A team of scientists, comprising members from Berlin's Museum of Prehistory and Early History, Universität Greifswald
, the Max Planck Institute for Evolutionary Anthropology
in Leipzig and the Leibniz Laboratory for Radiometric Dating and Stable Isotope Research in Kiel, have managed to unlock the secrets surrounding the dating of the burial site of Combe Capelle that was discovered by the Swiss researcher Otto Hauser in 1909.
Since his sensational discovery, the site of Combe Capelle has long been considered one of the oldest finds of the remains of modern Homo sapiens anywhere in Europe. Due to the individual circumstances of the find, doubt was sometimes cast on its speculated age of more than 30,000 years and its connection with the transition to the Upper Palaeolithic (Châtelperronian). In spite of this, however, the remains (buried with a chain of mussel shells) were nevertheless thought to have originated in the Ice Age.

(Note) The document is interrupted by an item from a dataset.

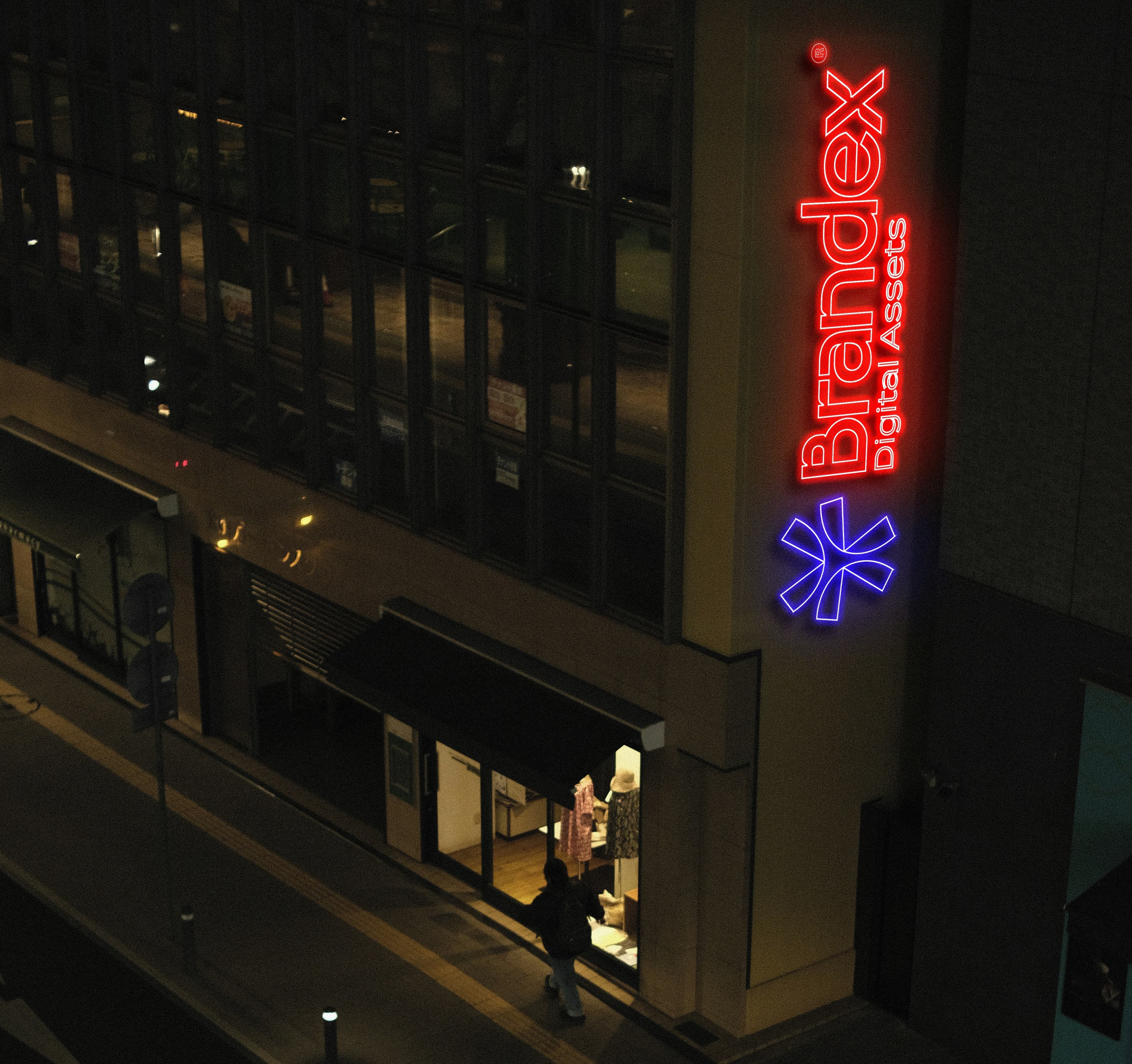 Vertical neon building sign mockup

After an initial sample of the famous skull failed to yield results in radiocarbon dating, a second sample was taken from a molar in the lower jaw for testing in June 2009 in Kiel. In previous cases, compact tooth enamel had shown better preservation conditions of the collagen needed for radiocarbon dating. A sufficient amount of collagen was able to be extracted after preparation and intense cleaning of the tooth substance. Subsequent analysis using accelerator mass spectrometry at the laboratory in Kiel assigned a date of 7575 BCE to the remains of what had previously been assumed to be an early Homo sapiens specimen, meaning earlier assumptions had been out by several thousands of years.
The new dating for the site at Combe Capelle not only underscores the fact that finds of early anatomically modern humans, pre-dating 30,000 years ago, are extremely rare in Europe, but also confirms the trend that we have no evidence of burials from this era. At the same time, it has become clear that Châtelperronian culture in France was practised exclusively by the last Neanderthals. The new date places the crouched inhumation site from the rock shelter of Combe Capelle in the Middle Stone Age (Mesolithic), when humans lived in warm climatic conditions and survived by hunting, fishing and gathering nuts and berries, including hazelnuts. Inhumations from the later Middle Stone Age are exceptionally rare in Europe, and as such, the site of Combe Capelle remains an outstanding testament of European prehistory.